The photo on the right shows the part that holds the LEDs, button, and power connectors. The
middle of this part (you can see the threads) is from the Astro-Physics adapter that allows the
Losmandy polar scope to fit in the AP1200. I machined the large black plastic disc to hold the
user interface circuit board and the smaller white cylinder to hold a polycarbonate tube in which
the control circuit board rests. 3M very high bond double-sided tape holds the threaded part to
the black plastic disk and the white cylinder is threaded into its other end. The polycarbonate
tube, shown in the picture of the complete assembly earlier in the page, is simply a friction fit
on the white cylinder.
Operation is simple. The Arduino boots when the mount's power supply is plugged in to the left coax power connector. At this point, the relay is closed providing power to the mount and the RUN LED begins flashing for 5 seconds. You have two options:
If you enter setup mode, the WEST LED will start flashing. This is your cue to rotate the mount in RA to the furthest position West that you want the mount to go. Then you press the button again and the EAST LED starts flashing. Rotate the RA axis to the East limit and press the button one more time. The RUN light flashes and limits are suppressed for 5 seconds so you can rotate the RA axis away from the East limit and avoid an immediate limit violation. These limits that you set are automatically stored in EEPROM and available for the next session.
In RUN mode, the RUN LED is illuminated constantly and the Arduino enters a forever loop where it queries the accelerometer and calculates the current roll angle. If that roll angle is less than the West limit or greater than the East limit, the relay is opened and the mount loses power.

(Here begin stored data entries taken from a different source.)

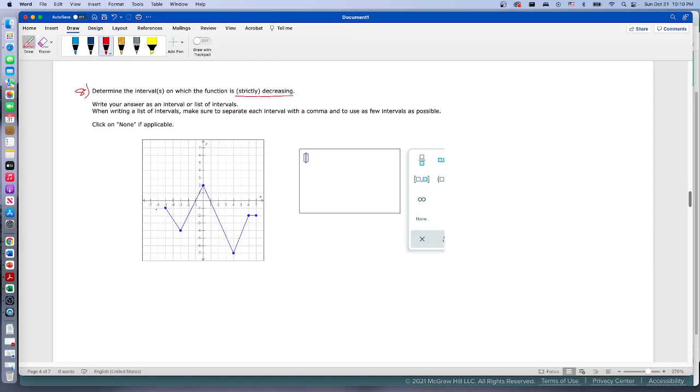The function decreases from negative five until it gets to negative three. At negative five, since that's where it starts to be decreasing, you have to have something before to compare it to. There's nothing before negative five, so we're going to put parentheses there. So start building it - it's going to be negative five to negative three. That interval is strictly decreasing.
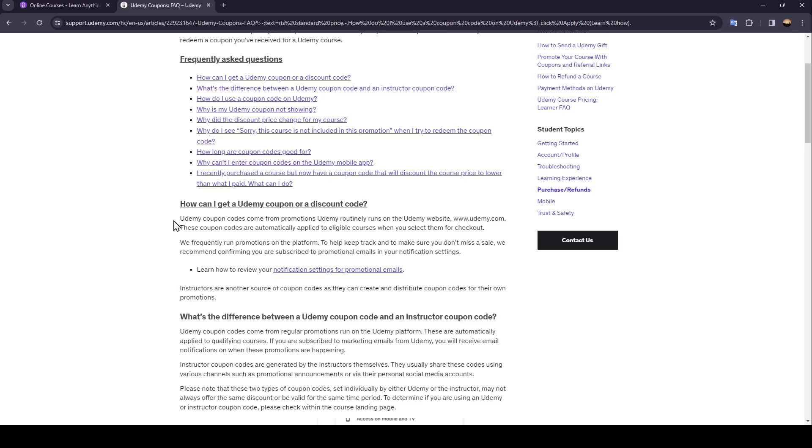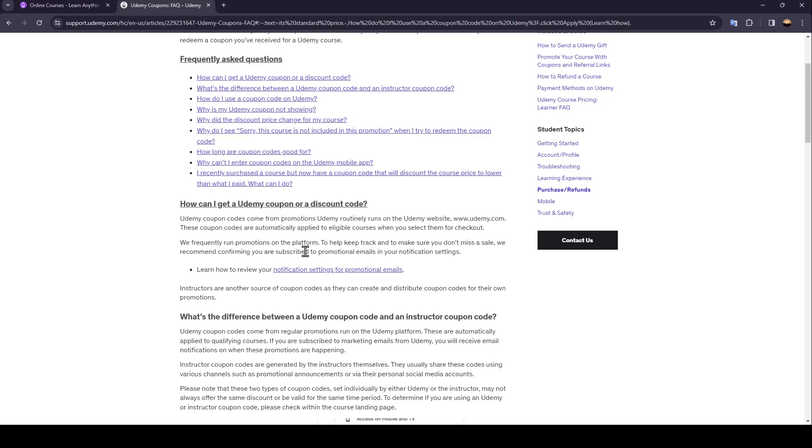Udemy coupon codes come from promotions Udemy routinely runs on the Udemy website. These coupon codes are automatically applied to eligible courses when you select them for checkout. We frequently run promotions on the platform to help keep track and make sure you don't miss a sale.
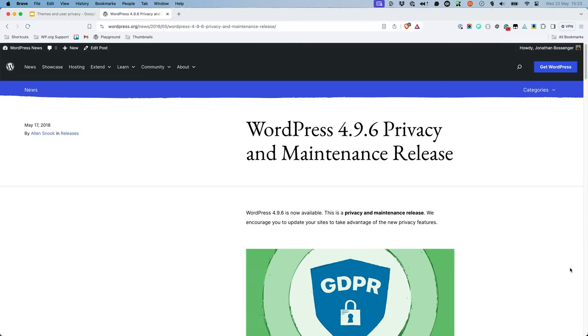In version 4.9.6, WordPress introduced various privacy-related features, primarily to help site owners comply with the European Union's General Data Protection Regulation or GDPR.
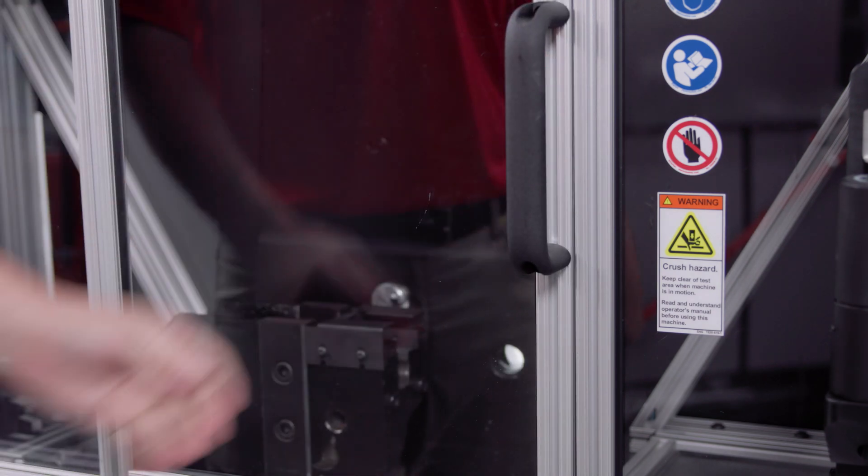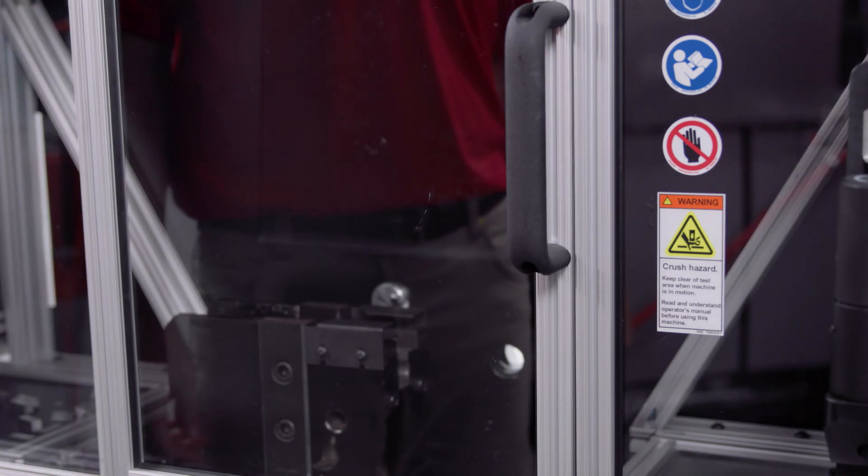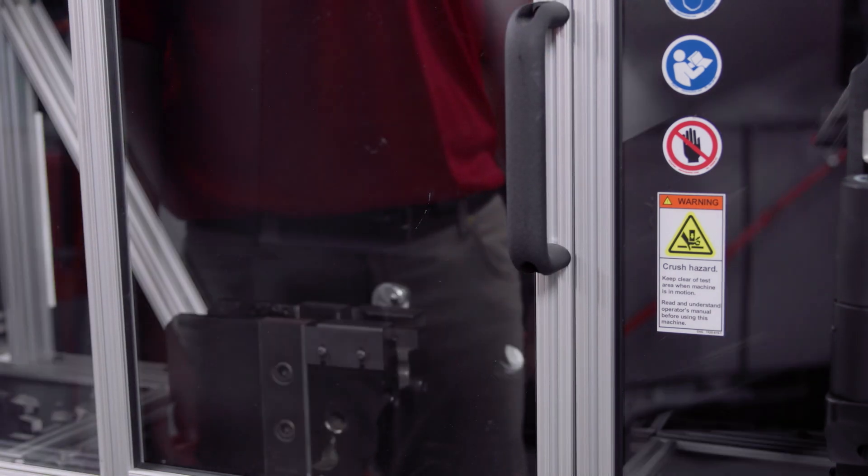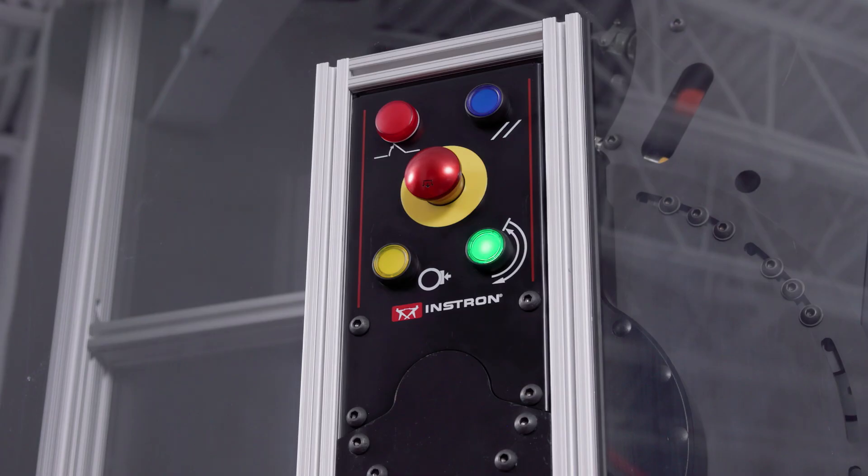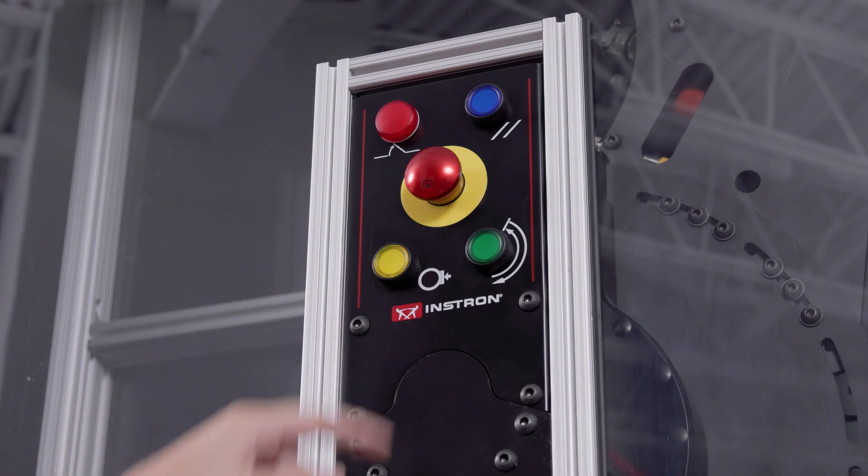This feature will stay active until you take a break in testing, or it can be disengaged by simply pressing the yellow button.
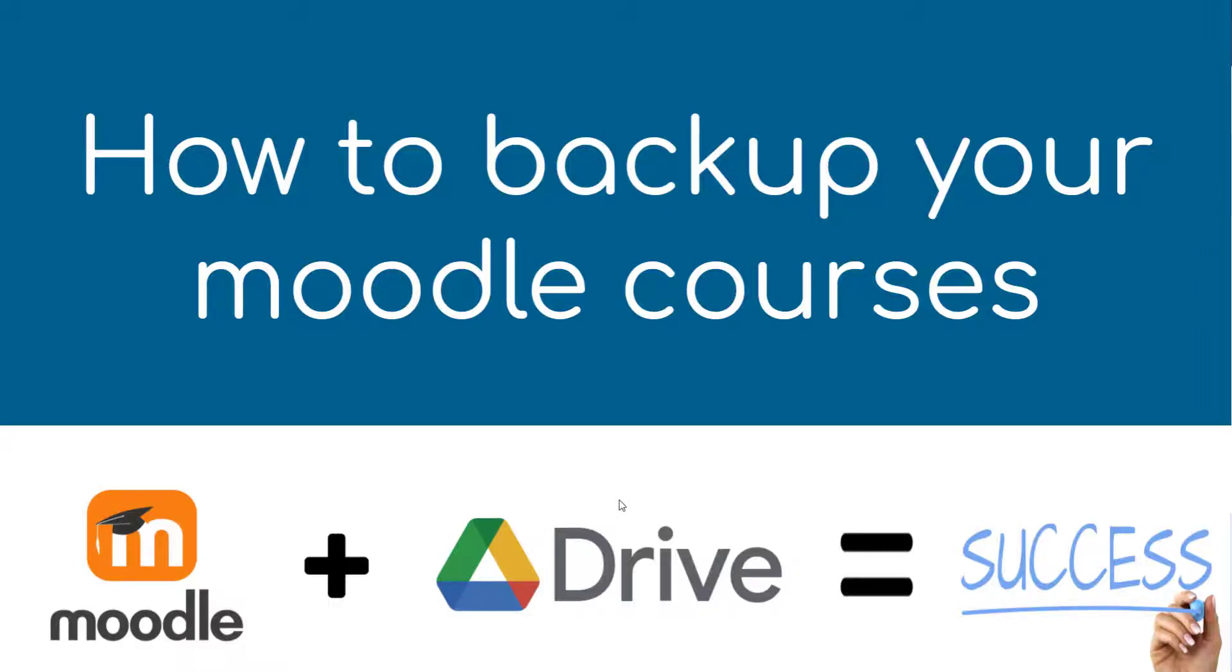This video will show you how to back up your Moodle content by downloading your Moodle courses and uploading them into your Google Drive.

At any time, you can hold the button down for 2 or more seconds to restart the device. This is how you recover from a limit switch violation—just slew the mount Eastward during the first 5 seconds after restart.
The animation on the right shows the limit switch engaging and stopping the mount as I hold down the West button at a 64X sideral slew rate. The LED switches from the center RUN LED to the left WEST LED when the limit is reached. If you look closely, you can see that the keypad display shut off at the same time the mount stopped moving.
As you can see from the description of the device, you only get to store a single limit for each direction. It doesn't matter what declination that the mount is pointing; you still only get one limit. When pointing at low declination (from the Northern hemisphere) this means that you may stop long before the telescope or camera comes anywhere near the mount or pieir. In fact, for many declinations the mount can easily rotate 360° without contact. Whether your cables can handle 360° is a different question! This works fine for me; I typically image the same object night after night and I can simply set the limits for the declination that I know I will be in all night long.
My code is for Northern hemisphere usage. I think you will have to reverse the current roll angle comparisons to use it in the Southern hemisphere.